• Task directions: Use the entries below and reproduce exactly the lines from the one containing "Slide: The Image" down to the one containing "KUALA LUMPUR, MALAYSIA", both of them included.

::::::

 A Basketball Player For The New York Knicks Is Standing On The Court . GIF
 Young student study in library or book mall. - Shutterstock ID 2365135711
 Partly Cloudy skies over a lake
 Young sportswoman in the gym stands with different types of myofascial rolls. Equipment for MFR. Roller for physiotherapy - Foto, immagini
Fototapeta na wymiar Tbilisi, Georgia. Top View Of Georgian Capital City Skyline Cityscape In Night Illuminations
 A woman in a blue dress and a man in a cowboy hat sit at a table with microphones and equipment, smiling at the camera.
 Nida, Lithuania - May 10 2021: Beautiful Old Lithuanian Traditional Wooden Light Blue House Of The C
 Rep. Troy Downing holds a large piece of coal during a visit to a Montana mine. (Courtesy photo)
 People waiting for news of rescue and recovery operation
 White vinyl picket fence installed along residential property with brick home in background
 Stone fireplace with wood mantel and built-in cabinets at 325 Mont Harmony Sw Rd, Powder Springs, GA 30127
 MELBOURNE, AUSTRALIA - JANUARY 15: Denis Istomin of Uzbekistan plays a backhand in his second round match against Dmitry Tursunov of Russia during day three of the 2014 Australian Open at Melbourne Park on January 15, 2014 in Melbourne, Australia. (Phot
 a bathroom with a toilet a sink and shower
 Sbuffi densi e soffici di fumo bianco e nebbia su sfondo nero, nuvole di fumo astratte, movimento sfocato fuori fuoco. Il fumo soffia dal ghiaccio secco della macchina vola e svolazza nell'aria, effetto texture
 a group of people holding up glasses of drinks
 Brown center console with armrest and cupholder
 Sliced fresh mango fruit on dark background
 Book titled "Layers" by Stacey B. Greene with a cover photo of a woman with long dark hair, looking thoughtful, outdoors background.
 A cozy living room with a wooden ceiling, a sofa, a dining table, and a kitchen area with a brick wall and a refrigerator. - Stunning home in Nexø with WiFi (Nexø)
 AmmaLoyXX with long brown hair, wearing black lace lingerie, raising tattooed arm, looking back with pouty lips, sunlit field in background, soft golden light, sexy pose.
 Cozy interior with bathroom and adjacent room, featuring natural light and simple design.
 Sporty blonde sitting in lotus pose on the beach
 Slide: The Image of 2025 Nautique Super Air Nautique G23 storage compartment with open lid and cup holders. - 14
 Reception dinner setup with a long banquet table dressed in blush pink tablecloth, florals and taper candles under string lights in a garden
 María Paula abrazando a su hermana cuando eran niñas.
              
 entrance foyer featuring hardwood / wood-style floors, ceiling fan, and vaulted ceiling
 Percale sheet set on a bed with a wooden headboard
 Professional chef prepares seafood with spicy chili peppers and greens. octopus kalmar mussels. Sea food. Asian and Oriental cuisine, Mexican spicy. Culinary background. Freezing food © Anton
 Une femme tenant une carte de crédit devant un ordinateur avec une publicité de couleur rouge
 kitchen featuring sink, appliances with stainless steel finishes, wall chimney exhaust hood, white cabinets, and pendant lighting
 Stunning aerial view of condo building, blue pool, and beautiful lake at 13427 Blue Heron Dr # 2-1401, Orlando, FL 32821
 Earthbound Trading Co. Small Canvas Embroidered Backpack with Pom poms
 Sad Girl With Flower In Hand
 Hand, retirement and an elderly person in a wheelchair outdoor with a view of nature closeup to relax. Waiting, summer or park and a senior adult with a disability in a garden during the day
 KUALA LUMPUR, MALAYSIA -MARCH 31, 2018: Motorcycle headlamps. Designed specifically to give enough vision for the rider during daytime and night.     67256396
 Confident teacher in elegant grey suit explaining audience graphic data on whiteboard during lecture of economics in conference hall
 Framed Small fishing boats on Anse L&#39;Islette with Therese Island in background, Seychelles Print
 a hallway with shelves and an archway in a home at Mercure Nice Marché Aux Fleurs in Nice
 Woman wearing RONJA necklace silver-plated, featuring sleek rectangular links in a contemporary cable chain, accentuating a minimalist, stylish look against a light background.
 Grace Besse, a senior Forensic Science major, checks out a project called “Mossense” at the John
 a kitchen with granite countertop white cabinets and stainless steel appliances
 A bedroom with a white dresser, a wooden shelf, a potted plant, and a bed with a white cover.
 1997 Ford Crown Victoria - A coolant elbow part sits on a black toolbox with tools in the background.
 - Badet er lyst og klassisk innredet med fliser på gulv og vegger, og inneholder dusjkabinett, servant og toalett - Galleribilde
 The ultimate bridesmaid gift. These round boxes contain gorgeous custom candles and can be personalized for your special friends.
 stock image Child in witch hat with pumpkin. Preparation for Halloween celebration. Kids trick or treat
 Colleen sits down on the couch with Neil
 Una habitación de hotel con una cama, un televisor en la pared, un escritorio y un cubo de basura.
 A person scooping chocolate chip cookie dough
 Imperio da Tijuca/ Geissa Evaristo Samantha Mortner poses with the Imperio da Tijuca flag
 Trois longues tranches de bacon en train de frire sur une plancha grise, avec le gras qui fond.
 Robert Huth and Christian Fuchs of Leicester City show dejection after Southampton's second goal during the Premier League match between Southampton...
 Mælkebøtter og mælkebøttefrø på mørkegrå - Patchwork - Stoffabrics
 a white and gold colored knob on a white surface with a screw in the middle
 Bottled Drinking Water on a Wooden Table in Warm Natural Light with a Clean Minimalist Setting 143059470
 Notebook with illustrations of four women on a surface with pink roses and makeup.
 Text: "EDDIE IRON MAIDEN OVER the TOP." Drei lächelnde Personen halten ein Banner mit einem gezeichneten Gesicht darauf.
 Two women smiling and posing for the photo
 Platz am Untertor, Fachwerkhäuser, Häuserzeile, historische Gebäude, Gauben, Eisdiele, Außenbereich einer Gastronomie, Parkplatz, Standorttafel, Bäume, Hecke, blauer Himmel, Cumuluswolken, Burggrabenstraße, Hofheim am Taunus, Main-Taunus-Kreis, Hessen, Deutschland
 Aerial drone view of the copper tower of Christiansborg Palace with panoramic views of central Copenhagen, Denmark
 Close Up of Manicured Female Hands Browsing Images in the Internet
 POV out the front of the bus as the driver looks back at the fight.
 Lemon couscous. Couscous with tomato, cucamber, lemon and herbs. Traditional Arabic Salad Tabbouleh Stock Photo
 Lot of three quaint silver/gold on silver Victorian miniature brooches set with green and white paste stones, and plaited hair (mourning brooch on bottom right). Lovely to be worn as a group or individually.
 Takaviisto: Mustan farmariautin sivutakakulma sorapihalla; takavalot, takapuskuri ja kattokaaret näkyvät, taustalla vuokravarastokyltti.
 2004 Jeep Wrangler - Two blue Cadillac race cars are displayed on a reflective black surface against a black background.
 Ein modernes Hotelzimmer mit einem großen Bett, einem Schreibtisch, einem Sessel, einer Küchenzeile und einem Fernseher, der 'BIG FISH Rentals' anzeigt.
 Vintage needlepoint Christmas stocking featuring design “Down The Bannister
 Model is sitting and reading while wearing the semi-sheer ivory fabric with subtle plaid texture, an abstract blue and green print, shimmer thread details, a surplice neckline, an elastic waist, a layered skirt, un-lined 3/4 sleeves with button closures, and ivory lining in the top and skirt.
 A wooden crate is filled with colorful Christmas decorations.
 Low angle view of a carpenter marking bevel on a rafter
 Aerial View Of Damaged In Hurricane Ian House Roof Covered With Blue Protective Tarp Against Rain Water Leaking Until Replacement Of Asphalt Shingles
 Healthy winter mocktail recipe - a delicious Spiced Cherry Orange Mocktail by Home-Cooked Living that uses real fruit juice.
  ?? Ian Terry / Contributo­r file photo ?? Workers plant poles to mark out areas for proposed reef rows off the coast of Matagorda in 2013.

::::::

• Written solution:
 Slide: The Image of 2025 Nautique Super Air Nautique G23 storage compartment with open lid and cup holders. - 14
 Reception dinner setup with a long banquet table dressed in blush pink tablecloth, florals and taper candles under string lights in a garden
 María Paula abrazando a su hermana cuando eran niñas.
              
 entrance foyer featuring hardwood / wood-style floors, ceiling fan, and vaulted ceiling
 Percale sheet set on a bed with a wooden headboard
 Professional chef prepares seafood with spicy chili peppers and greens. octopus kalmar mussels. Sea food. Asian and Oriental cuisine, Mexican spicy. Culinary background. Freezing food © Anton
 Une femme tenant une carte de crédit devant un ordinateur avec une publicité de couleur rouge
 kitchen featuring sink, appliances with stainless steel finishes, wall chimney exhaust hood, white cabinets, and pendant lighting
 Stunning aerial view of condo building, blue pool, and beautiful lake at 13427 Blue Heron Dr # 2-1401, Orlando, FL 32821
 Earthbound Trading Co. Small Canvas Embroidered Backpack with Pom poms
 Sad Girl With Flower In Hand
 Hand, retirement and an elderly person in a wheelchair outdoor with a view of nature closeup to relax. Waiting, summer or park and a senior adult with a disability in a garden during the day
 KUALA LUMPUR, MALAYSIA -MARCH 31, 2018: Motorcycle headlamps. Designed specifically to give enough vision for the rider during daytime and night.     67256396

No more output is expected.